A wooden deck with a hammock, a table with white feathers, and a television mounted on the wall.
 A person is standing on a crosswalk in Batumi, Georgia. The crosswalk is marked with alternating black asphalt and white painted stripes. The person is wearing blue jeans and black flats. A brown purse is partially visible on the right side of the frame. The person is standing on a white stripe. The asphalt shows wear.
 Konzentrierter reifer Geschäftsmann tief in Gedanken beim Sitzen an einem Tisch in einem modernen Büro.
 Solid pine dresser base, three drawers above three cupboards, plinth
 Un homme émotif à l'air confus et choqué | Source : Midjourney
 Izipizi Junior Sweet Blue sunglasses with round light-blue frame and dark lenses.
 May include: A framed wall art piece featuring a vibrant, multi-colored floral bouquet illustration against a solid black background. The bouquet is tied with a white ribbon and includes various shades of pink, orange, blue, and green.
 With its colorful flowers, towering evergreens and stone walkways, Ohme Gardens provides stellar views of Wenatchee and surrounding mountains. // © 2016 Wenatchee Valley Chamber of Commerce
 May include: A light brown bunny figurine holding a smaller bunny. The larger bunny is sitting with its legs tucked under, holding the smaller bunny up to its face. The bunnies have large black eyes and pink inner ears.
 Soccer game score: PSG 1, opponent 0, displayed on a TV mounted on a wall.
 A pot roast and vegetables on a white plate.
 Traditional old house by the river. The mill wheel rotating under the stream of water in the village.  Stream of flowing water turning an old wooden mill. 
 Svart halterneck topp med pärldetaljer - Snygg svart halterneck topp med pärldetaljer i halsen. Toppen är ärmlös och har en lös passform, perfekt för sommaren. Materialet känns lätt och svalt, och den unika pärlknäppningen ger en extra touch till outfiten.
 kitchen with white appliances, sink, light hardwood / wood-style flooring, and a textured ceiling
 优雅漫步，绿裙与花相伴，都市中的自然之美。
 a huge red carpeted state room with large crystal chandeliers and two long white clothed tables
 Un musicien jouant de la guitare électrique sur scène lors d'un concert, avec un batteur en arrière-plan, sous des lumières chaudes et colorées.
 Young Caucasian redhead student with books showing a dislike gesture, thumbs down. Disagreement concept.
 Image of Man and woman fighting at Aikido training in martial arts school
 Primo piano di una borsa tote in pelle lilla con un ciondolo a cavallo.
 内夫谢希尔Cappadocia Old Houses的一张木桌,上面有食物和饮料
_ _ _ _
Work task → Keeping every word and mark as it is, print the entries above.

Result of this exercise →
A wooden deck with a hammock, a table with white feathers, and a television mounted on the wall.
 A person is standing on a crosswalk in Batumi, Georgia. The crosswalk is marked with alternating black asphalt and white painted stripes. The person is wearing blue jeans and black flats. A brown purse is partially visible on the right side of the frame. The person is standing on a white stripe. The asphalt shows wear.
 Konzentrierter reifer Geschäftsmann tief in Gedanken beim Sitzen an einem Tisch in einem modernen Büro.
 Solid pine dresser base, three drawers above three cupboards, plinth
 Un homme émotif à l'air confus et choqué | Source : Midjourney
 Izipizi Junior Sweet Blue sunglasses with round light-blue frame and dark lenses.
 May include: A framed wall art piece featuring a vibrant, multi-colored floral bouquet illustration against a solid black background. The bouquet is tied with a white ribbon and includes various shades of pink, orange, blue, and green.
 With its colorful flowers, towering evergreens and stone walkways, Ohme Gardens provides stellar views of Wenatchee and surrounding mountains. // © 2016 Wenatchee Valley Chamber of Commerce
 May include: A light brown bunny figurine holding a smaller bunny. The larger bunny is sitting with its legs tucked under, holding the smaller bunny up to its face. The bunnies have large black eyes and pink inner ears.
 Soccer game score: PSG 1, opponent 0, displayed on a TV mounted on a wall.
 A pot roast and vegetables on a white plate.
 Traditional old house by the river. The mill wheel rotating under the stream of water in the village.  Stream of flowing water turning an old wooden mill. 
 Svart halterneck topp med pärldetaljer - Snygg svart halterneck topp med pärldetaljer i halsen. Toppen är ärmlös och har en lös passform, perfekt för sommaren. Materialet känns lätt och svalt, och den unika pärlknäppningen ger en extra touch till outfiten.
 kitchen with white appliances, sink, light hardwood / wood-style flooring, and a textured ceiling
 优雅漫步，绿裙与花相伴，都市中的自然之美。
 a huge red carpeted state room with large crystal chandeliers and two long white clothed tables
 Un musicien jouant de la guitare électrique sur scène lors d'un concert, avec un batteur en arrière-plan, sous des lumières chaudes et colorées.
 Young Caucasian redhead student with books showing a dislike gesture, thumbs down. Disagreement concept.
 Image of Man and woman fighting at Aikido training in martial arts school
 Primo piano di una borsa tote in pelle lilla con un ciondolo a cavallo.
 内夫谢希尔Cappadocia Old Houses的一张木桌,上面有食物和饮料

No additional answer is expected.